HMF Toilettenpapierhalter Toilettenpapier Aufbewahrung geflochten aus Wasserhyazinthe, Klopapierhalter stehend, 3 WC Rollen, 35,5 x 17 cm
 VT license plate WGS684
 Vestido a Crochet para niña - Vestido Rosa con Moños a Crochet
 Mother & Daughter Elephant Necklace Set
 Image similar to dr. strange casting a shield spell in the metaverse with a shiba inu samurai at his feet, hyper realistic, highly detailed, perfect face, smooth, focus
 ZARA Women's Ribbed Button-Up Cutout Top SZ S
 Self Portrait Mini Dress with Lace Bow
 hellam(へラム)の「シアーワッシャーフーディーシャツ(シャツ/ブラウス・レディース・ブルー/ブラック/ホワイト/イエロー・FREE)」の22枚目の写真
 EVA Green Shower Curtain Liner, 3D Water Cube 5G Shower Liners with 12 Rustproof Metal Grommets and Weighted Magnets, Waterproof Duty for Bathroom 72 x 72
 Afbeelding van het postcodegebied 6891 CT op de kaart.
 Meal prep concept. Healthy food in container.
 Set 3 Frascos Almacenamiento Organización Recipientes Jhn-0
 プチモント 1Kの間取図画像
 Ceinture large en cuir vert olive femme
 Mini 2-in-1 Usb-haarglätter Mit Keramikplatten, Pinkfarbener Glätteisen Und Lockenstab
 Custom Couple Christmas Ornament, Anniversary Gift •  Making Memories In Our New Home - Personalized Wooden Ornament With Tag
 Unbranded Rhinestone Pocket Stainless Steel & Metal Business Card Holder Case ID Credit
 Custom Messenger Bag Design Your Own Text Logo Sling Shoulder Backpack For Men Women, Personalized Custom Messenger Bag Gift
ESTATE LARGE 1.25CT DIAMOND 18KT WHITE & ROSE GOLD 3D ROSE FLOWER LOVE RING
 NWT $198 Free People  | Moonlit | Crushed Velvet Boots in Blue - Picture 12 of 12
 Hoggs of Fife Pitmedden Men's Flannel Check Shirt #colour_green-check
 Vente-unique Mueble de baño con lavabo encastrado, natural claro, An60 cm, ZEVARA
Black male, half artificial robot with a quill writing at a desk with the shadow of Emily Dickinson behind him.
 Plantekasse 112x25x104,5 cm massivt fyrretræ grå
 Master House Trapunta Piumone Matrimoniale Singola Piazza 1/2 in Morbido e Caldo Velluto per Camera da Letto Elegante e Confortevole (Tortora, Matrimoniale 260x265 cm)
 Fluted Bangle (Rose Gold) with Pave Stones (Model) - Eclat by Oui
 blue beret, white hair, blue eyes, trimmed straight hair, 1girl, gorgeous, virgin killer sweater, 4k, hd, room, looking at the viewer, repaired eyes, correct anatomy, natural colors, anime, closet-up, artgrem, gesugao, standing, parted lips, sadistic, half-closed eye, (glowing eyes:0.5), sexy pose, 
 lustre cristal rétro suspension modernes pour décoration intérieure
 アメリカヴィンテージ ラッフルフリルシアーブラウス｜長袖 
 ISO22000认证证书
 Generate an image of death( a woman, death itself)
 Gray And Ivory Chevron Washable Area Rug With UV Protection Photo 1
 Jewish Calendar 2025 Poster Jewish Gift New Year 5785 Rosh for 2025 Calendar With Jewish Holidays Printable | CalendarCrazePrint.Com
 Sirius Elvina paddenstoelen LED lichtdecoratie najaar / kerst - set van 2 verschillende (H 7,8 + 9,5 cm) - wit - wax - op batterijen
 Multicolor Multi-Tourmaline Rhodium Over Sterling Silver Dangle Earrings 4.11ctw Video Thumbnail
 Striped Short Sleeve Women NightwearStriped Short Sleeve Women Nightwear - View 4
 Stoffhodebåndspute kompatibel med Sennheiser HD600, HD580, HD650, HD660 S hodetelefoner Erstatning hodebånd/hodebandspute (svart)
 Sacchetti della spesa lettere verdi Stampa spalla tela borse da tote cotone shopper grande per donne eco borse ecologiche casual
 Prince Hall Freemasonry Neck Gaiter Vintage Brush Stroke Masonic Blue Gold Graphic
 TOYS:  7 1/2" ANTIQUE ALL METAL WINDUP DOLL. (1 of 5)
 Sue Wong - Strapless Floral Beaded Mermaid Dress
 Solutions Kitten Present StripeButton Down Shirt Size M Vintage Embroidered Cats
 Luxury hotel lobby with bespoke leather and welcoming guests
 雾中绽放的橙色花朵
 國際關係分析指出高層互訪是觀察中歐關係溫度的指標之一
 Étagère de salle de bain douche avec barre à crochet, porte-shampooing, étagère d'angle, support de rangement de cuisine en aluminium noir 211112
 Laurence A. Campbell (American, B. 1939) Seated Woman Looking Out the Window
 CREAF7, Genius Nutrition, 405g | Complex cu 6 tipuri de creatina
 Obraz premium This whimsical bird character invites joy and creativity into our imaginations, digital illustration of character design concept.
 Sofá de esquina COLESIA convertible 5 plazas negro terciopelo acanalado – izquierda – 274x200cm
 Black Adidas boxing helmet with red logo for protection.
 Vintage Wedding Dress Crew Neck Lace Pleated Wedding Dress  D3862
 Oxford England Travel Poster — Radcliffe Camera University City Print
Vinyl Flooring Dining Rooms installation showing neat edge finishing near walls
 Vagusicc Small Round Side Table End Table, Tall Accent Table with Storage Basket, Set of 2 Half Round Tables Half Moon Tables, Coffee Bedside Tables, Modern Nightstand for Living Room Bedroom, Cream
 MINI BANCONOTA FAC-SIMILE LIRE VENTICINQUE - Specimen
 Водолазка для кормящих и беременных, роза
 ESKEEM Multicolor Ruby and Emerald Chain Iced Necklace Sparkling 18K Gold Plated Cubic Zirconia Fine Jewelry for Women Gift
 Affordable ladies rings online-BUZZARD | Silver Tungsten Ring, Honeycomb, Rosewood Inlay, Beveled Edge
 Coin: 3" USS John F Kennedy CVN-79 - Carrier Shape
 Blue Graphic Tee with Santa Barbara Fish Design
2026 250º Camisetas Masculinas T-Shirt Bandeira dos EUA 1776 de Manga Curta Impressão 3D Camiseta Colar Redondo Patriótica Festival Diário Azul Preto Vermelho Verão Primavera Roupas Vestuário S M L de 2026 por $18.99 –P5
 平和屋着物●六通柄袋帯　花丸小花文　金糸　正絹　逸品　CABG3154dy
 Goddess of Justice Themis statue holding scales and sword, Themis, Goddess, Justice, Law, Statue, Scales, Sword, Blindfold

*****

--- Aim of the exercise ---
Write out the whole listing again, keeping every character as it is.

--- Answer to this problem ---
HMF Toilettenpapierhalter Toilettenpapier Aufbewahrung geflochten aus Wasserhyazinthe, Klopapierhalter stehend, 3 WC Rollen, 35,5 x 17 cm
 VT license plate WGS684
 Vestido a Crochet para niña - Vestido Rosa con Moños a Crochet
 Mother & Daughter Elephant Necklace Set
 Image similar to dr. strange casting a shield spell in the metaverse with a shiba inu samurai at his feet, hyper realistic, highly detailed, perfect face, smooth, focus
 ZARA Women's Ribbed Button-Up Cutout Top SZ S
 Self Portrait Mini Dress with Lace Bow
 hellam(へラム)の「シアーワッシャーフーディーシャツ(シャツ/ブラウス・レディース・ブルー/ブラック/ホワイト/イエロー・FREE)」の22枚目の写真
 EVA Green Shower Curtain Liner, 3D Water Cube 5G Shower Liners with 12 Rustproof Metal Grommets and Weighted Magnets, Waterproof Duty for Bathroom 72 x 72
 Afbeelding van het postcodegebied 6891 CT op de kaart.
 Meal prep concept. Healthy food in container.
 Set 3 Frascos Almacenamiento Organización Recipientes Jhn-0
 プチモント 1Kの間取図画像
 Ceinture large en cuir vert olive femme
 Mini 2-in-1 Usb-haarglätter Mit Keramikplatten, Pinkfarbener Glätteisen Und Lockenstab
 Custom Couple Christmas Ornament, Anniversary Gift •  Making Memories In Our New Home - Personalized Wooden Ornament With Tag
 Unbranded Rhinestone Pocket Stainless Steel & Metal Business Card Holder Case ID Credit
 Custom Messenger Bag Design Your Own Text Logo Sling Shoulder Backpack For Men Women, Personalized Custom Messenger Bag Gift
ESTATE LARGE 1.25CT DIAMOND 18KT WHITE & ROSE GOLD 3D ROSE FLOWER LOVE RING
 NWT $198 Free People  | Moonlit | Crushed Velvet Boots in Blue - Picture 12 of 12
 Hoggs of Fife Pitmedden Men's Flannel Check Shirt #colour_green-check
 Vente-unique Mueble de baño con lavabo encastrado, natural claro, An60 cm, ZEVARA
Black male, half artificial robot with a quill writing at a desk with the shadow of Emily Dickinson behind him.
 Plantekasse 112x25x104,5 cm massivt fyrretræ grå
 Master House Trapunta Piumone Matrimoniale Singola Piazza 1/2 in Morbido e Caldo Velluto per Camera da Letto Elegante e Confortevole (Tortora, Matrimoniale 260x265 cm)
 Fluted Bangle (Rose Gold) with Pave Stones (Model) - Eclat by Oui
 blue beret, white hair, blue eyes, trimmed straight hair, 1girl, gorgeous, virgin killer sweater, 4k, hd, room, looking at the viewer, repaired eyes, correct anatomy, natural colors, anime, closet-up, artgrem, gesugao, standing, parted lips, sadistic, half-closed eye, (glowing eyes:0.5), sexy pose, 
 lustre cristal rétro suspension modernes pour décoration intérieure
 アメリカヴィンテージ ラッフルフリルシアーブラウス｜長袖 
 ISO22000认证证书
 Generate an image of death( a woman, death itself)
 Gray And Ivory Chevron Washable Area Rug With UV Protection Photo 1
 Jewish Calendar 2025 Poster Jewish Gift New Year 5785 Rosh for 2025 Calendar With Jewish Holidays Printable | CalendarCrazePrint.Com
 Sirius Elvina paddenstoelen LED lichtdecoratie najaar / kerst - set van 2 verschillende (H 7,8 + 9,5 cm) - wit - wax - op batterijen
 Multicolor Multi-Tourmaline Rhodium Over Sterling Silver Dangle Earrings 4.11ctw Video Thumbnail
 Striped Short Sleeve Women NightwearStriped Short Sleeve Women Nightwear - View 4
 Stoffhodebåndspute kompatibel med Sennheiser HD600, HD580, HD650, HD660 S hodetelefoner Erstatning hodebånd/hodebandspute (svart)
 Sacchetti della spesa lettere verdi Stampa spalla tela borse da tote cotone shopper grande per donne eco borse ecologiche casual
 Prince Hall Freemasonry Neck Gaiter Vintage Brush Stroke Masonic Blue Gold Graphic
 TOYS:  7 1/2" ANTIQUE ALL METAL WINDUP DOLL. (1 of 5)
 Sue Wong - Strapless Floral Beaded Mermaid Dress
 Solutions Kitten Present StripeButton Down Shirt Size M Vintage Embroidered Cats
 Luxury hotel lobby with bespoke leather and welcoming guests
 雾中绽放的橙色花朵
 國際關係分析指出高層互訪是觀察中歐關係溫度的指標之一
 Étagère de salle de bain douche avec barre à crochet, porte-shampooing, étagère d'angle, support de rangement de cuisine en aluminium noir 211112
 Laurence A. Campbell (American, B. 1939) Seated Woman Looking Out the Window
 CREAF7, Genius Nutrition, 405g | Complex cu 6 tipuri de creatina
 Obraz premium This whimsical bird character invites joy and creativity into our imaginations, digital illustration of character design concept.
 Sofá de esquina COLESIA convertible 5 plazas negro terciopelo acanalado – izquierda – 274x200cm
 Black Adidas boxing helmet with red logo for protection.
 Vintage Wedding Dress Crew Neck Lace Pleated Wedding Dress  D3862
 Oxford England Travel Poster — Radcliffe Camera University City Print
Vinyl Flooring Dining Rooms installation showing neat edge finishing near walls
 Vagusicc Small Round Side Table End Table, Tall Accent Table with Storage Basket, Set of 2 Half Round Tables Half Moon Tables, Coffee Bedside Tables, Modern Nightstand for Living Room Bedroom, Cream
 MINI BANCONOTA FAC-SIMILE LIRE VENTICINQUE - Specimen
 Водолазка для кормящих и беременных, роза
 ESKEEM Multicolor Ruby and Emerald Chain Iced Necklace Sparkling 18K Gold Plated Cubic Zirconia Fine Jewelry for Women Gift
 Affordable ladies rings online-BUZZARD | Silver Tungsten Ring, Honeycomb, Rosewood Inlay, Beveled Edge
 Coin: 3" USS John F Kennedy CVN-79 - Carrier Shape
 Blue Graphic Tee with Santa Barbara Fish Design
2026 250º Camisetas Masculinas T-Shirt Bandeira dos EUA 1776 de Manga Curta Impressão 3D Camiseta Colar Redondo Patriótica Festival Diário Azul Preto Vermelho Verão Primavera Roupas Vestuário S M L de 2026 por $18.99 –P5
 平和屋着物●六通柄袋帯　花丸小花文　金糸　正絹　逸品　CABG3154dy
 Goddess of Justice Themis statue holding scales and sword, Themis, Goddess, Justice, Law, Statue, Scales, Sword, Blindfold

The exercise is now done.